«Die Pandemie hat enormen Schaden angerichtet» : Aids-Hilfe Schweiz

«Die Pandemie hat enormen Schaden angerichtet»

Im Juni 1981 trat Aids zum ersten Mal auf und hat seitdem weltweit fast 30 Millionen Menschen das Leben gekostet. Der Arzt und Historiker Vincent Barras blickt auf diese Krankheit zurück, welche die Art und Weise, wie wir über Epidemien denken, grundlegend verändert hat.

© Keystone / Monika Flueckiger
© Marilyn Manser

Vincent Barras
Vincent Barras ist Professor für Geschichte der Medizin und des Gesundheitswesens an der Universität Lausanne und Leiter des Instituts für Humanität in der Medizin am Universitätsspital Lausanne.

Interview Julien Burri | Dezember 2021


Vincent Barras, in der Schweiz waren Sie einer der Ersten, der 1981 einen Aids-Patienten untersucht hat.
Ich hatte gerade mein Arztdiplom gemacht und war am Genfer Institut für Rechtsmedizin angestellt, das im Kantonsspital eine Abteilung für Gefängnismedizin hatte. Im Sommer 1981 erhielt ich einen Patienten, der als drogenabhängig galt und im Gefängnis Champ-Dollon in Untersuchungshaft sass. Er kam in einem sehr schlechten Gesundheitszustand zu mir. Überall entdeckte ich Anhäufungen von Adenopathien, also Lymphknoten: in den Vertiefungen über dem Schlüsselbein, am Hals, in der Leiste. So etwas hatte ich noch nie gesehen. Ich meldete den Fall meinem Klinikchef, wir konnten uns das nicht erklären. Vierzig Jahre danach spüre ich diese Knoten immer noch unter meinen Fingern. Der Beginn meiner Karriere fiel mit dem Auftreten von Aids zusammen.

Wie reagierten damals die Fachleute auf den von Ihnen betreuten Patienten?
Wir riefen Francis Waldvogel, den Professor für Infektionskrankheiten am Kantonsspital, an, aber auch er wusste nicht, worum es sich handeln könnte. Ihm waren jedoch Gerüchte aus den USA zu Ohren gekommen, die in der wissenschaftlichen Gemeinschaft kursierten, über Fälle mit schweren Infektionen, ungewöhnlichen Krebserkrankungen und massiven Adenopathien. In weiser Voraussicht riet er uns, einen Lymphknoten zu entnehmen und einzufrieren. Es war noch zu früh, um zu verstehen, was hier los war, aber wir hofften, später etwas in diesem Lymphknoten zu finden.Was aus diesem Patienten wurde, weiss ich nicht.
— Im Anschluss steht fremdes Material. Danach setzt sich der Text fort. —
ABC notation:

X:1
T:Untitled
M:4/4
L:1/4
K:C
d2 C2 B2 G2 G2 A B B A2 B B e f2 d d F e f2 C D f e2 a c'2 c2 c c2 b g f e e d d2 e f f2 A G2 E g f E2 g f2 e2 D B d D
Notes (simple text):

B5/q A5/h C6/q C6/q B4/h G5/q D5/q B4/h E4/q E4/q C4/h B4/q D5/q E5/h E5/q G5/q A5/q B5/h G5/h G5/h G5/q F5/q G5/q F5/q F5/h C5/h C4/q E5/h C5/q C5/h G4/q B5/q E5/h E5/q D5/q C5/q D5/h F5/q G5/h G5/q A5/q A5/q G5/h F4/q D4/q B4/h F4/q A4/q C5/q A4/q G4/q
«Es dauerte zweieinhalb Jahre, bis man das verantwortliche Virus nachweisen konnte. Auch der Übertragungsmodus war ein grosses Rätsel, das erst gegen Ende der Achtzigerjahre gelöst wurde.»

Die von Ihnen beobachtete Krankheit hatte also noch keinen Namen?
Am 5. Juni 1981 berichtete der Morbidity and Mortality Weekly Report, eine US-Fachzeitschrift für Medizin, von fünf Verdachtsfällen von Lungenentzündung in der Gay-Community von Los Angeles. Dies gilt heute als erste Publikation über die Entstehung von HIV/Aids. Die Meldung war nur ganz kurz. Doch es war das erste Beben, das erste an der Oberfläche platzende Bläschen, das die Katastrophe ankündigte, zu der die Epidemie sich entwickeln würde. Die Krankheit bekam verschiedene Namen, und mehrere Viren standen unter Verdacht: HTLV-3, LAV … Etwa 1983, 1984 einigte man sich schliesslich auf das Akronym HIV, das bald untrennbar mit dem Begriff «erworbenes Immunschwächesyndrom» (acquired immunodeficiency syndrome) verknüpft war: HIV/Aids. Das war das Ergebnis eines Kompromisses zwischen den Fachleuten aus den USA und Frankreich, die damals in der Erforschung dieser Krankheit führend waren.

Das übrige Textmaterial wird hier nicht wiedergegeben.